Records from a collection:
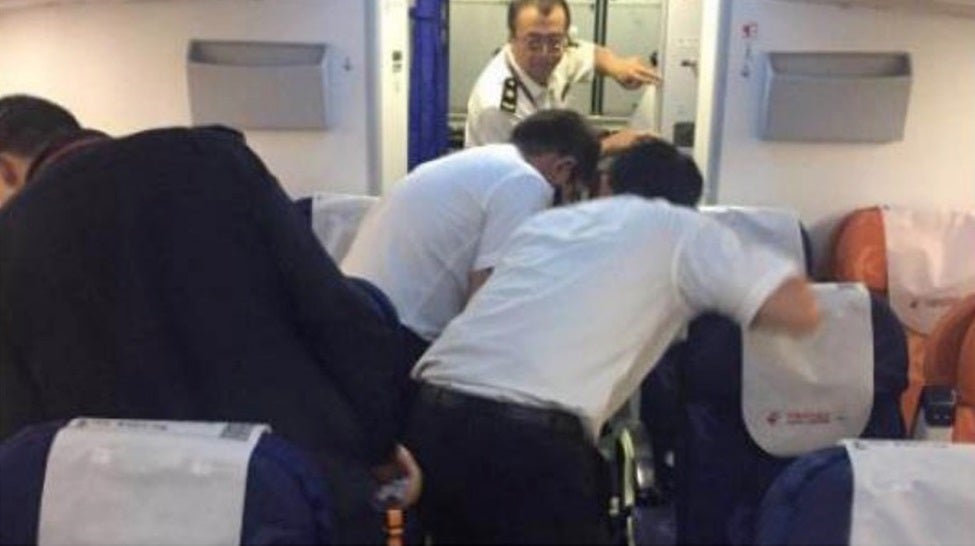 Cockroaches being gathered onboard China Eastern flight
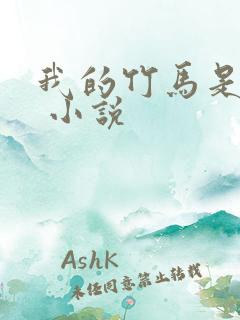 我的竹马是渣攻 小说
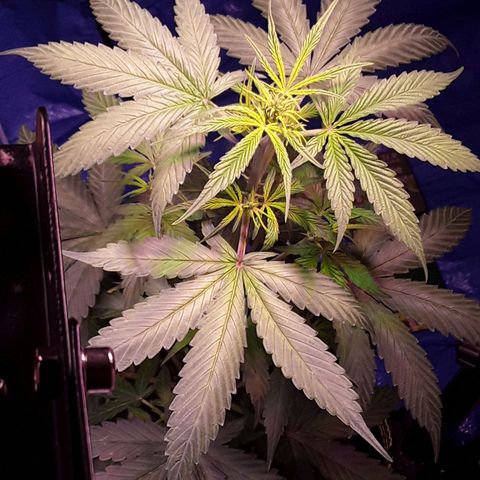 Gorilla Glue Auto  growlog timeline photo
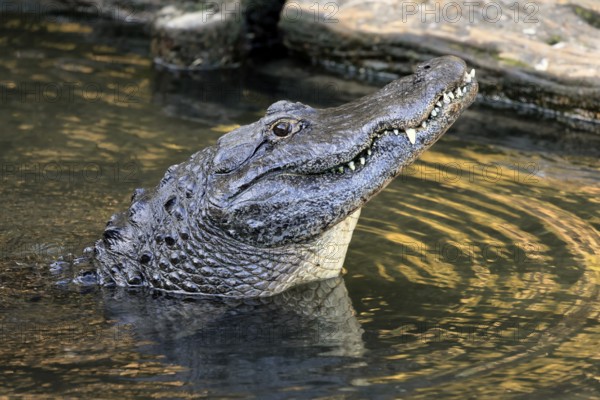 Mississippi Alligator (Alligator mississippiensis), pike alligator, adult, friendly, portrait,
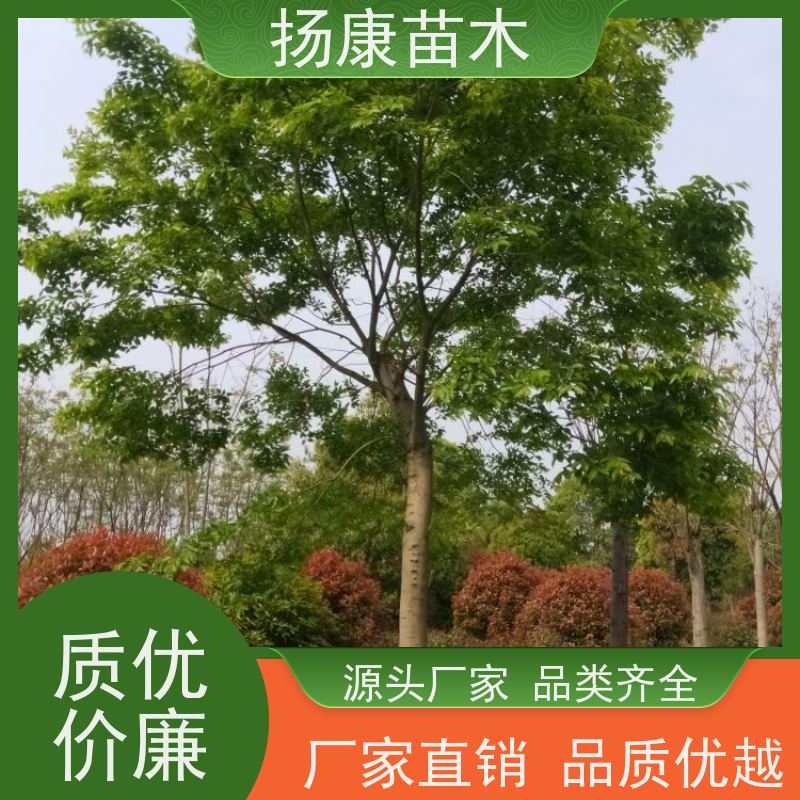 40公分丛生朴树 扬康苗木 叶色鲜艳 街道造型装饰树 自产自销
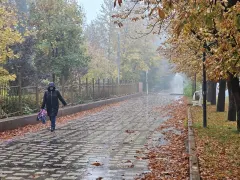 Дожди и порывистый ветер ожидаются в Волгоградской области 28 октября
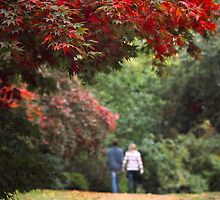 Love for all seasons by Irina Chuckowree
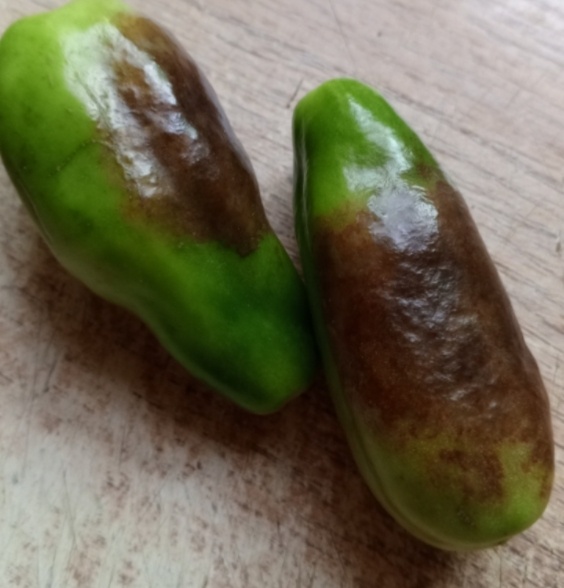 Нашла только одно свое фото и то, заскринила со старой статьи. Здесь 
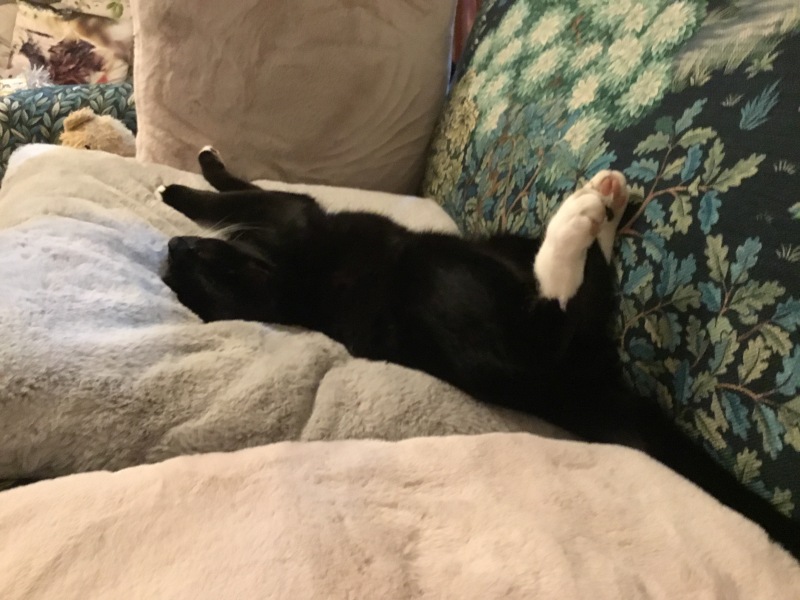 Thread 51 Sunak: A William Hill to die on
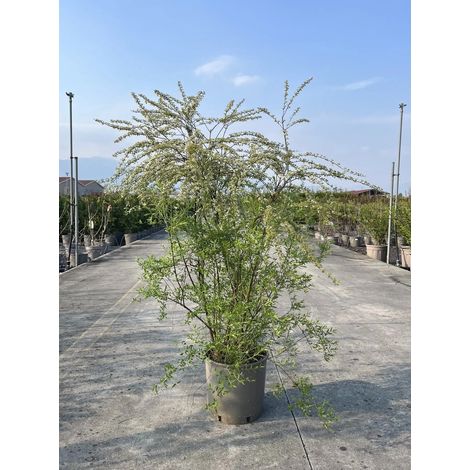 Gardenaria Spirea - Spiraea × cinerea 'Grefsheim' - Arbusto ornamentale da giardino - Altezza: 50/70 cm (vaso19) (1/5)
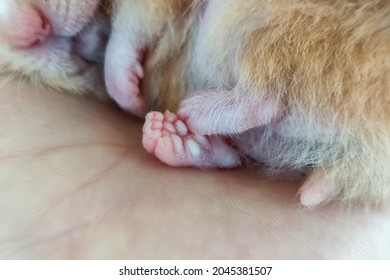 Paw Of The Sleeping Hamster Close-up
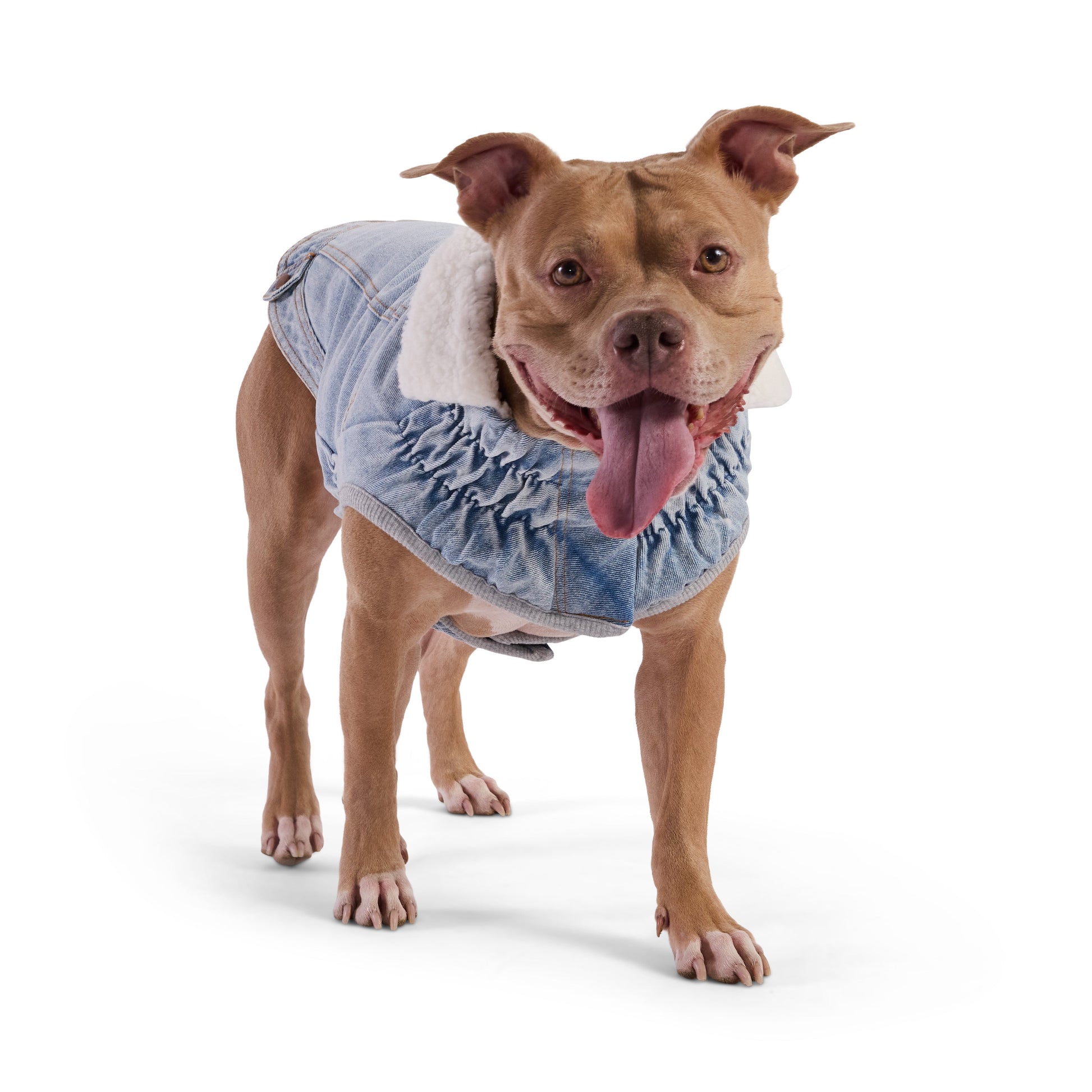 Northside Denim Jacket Light Wash Dog Jackets Premium Pet - close up view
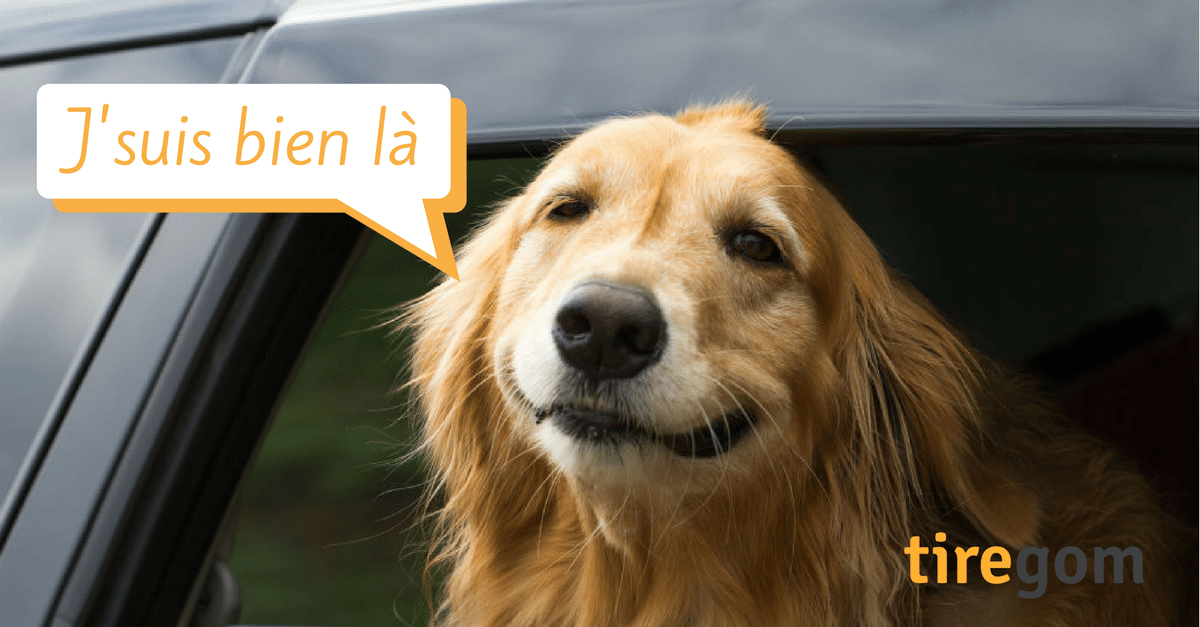 chien aime auto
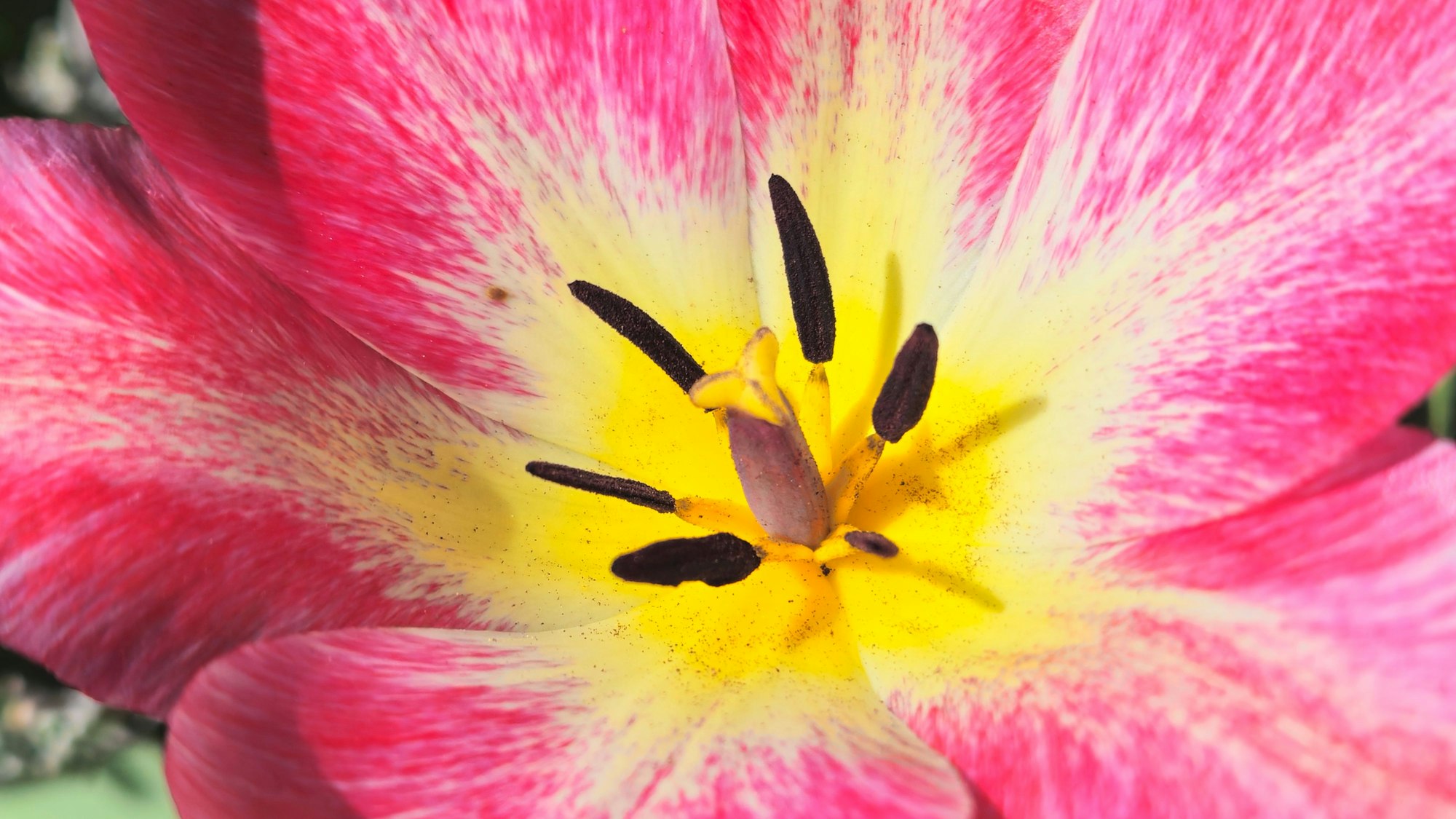Nahaufnahme einer rosa und gelben Blüte.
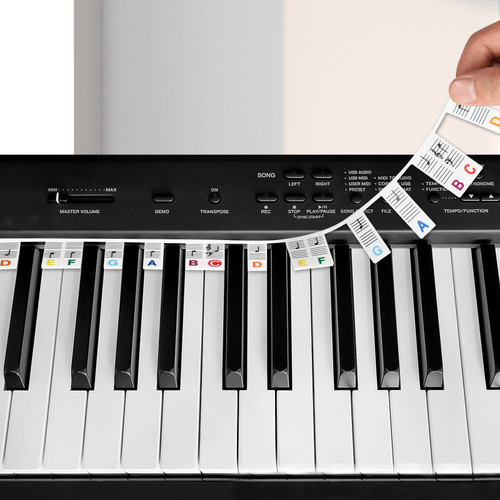 Removable Silicone Piano Notes Guide, Reusable 88 Key Full Size Piano Keyboard Note Labels for Beginners Learning Tool, No Need Stickers, Keyboard Piano Note Strips with Box (Colorful) Removable Silicone Piano Notes Guide, Reusable 88 Key Full Size Piano Keyboard Note Labels for Beginners Learning Tool, No Need Stickers, Keyboard Piano Note Strips with Box (Colorful)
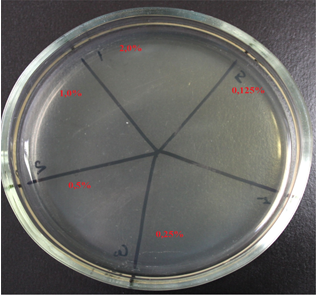 Бактерицидное действие растворов AlfaLine VET на Staphylococcus aureus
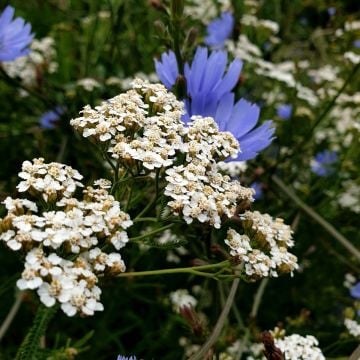 Schafgarbe (Achillea millefolium) Wildform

__TASK INSTRUCTIONS__:
Copy exactly, and only, the lines running from the one containing "Box (Colorful) Removable" through the final line of the data, and omit the pictures.

__RESULT BELOW__:
 Removable Silicone Piano Notes Guide, Reusable 88 Key Full Size Piano Keyboard Note Labels for Beginners Learning Tool, No Need Stickers, Keyboard Piano Note Strips with Box (Colorful) Removable Silicone Piano Notes Guide, Reusable 88 Key Full Size Piano Keyboard Note Labels for Beginners Learning Tool, No Need Stickers, Keyboard Piano Note Strips with Box (Colorful)
 Бактерицидное действие растворов AlfaLine VET на Staphylococcus aureus
 Schafgarbe (Achillea millefolium) Wildform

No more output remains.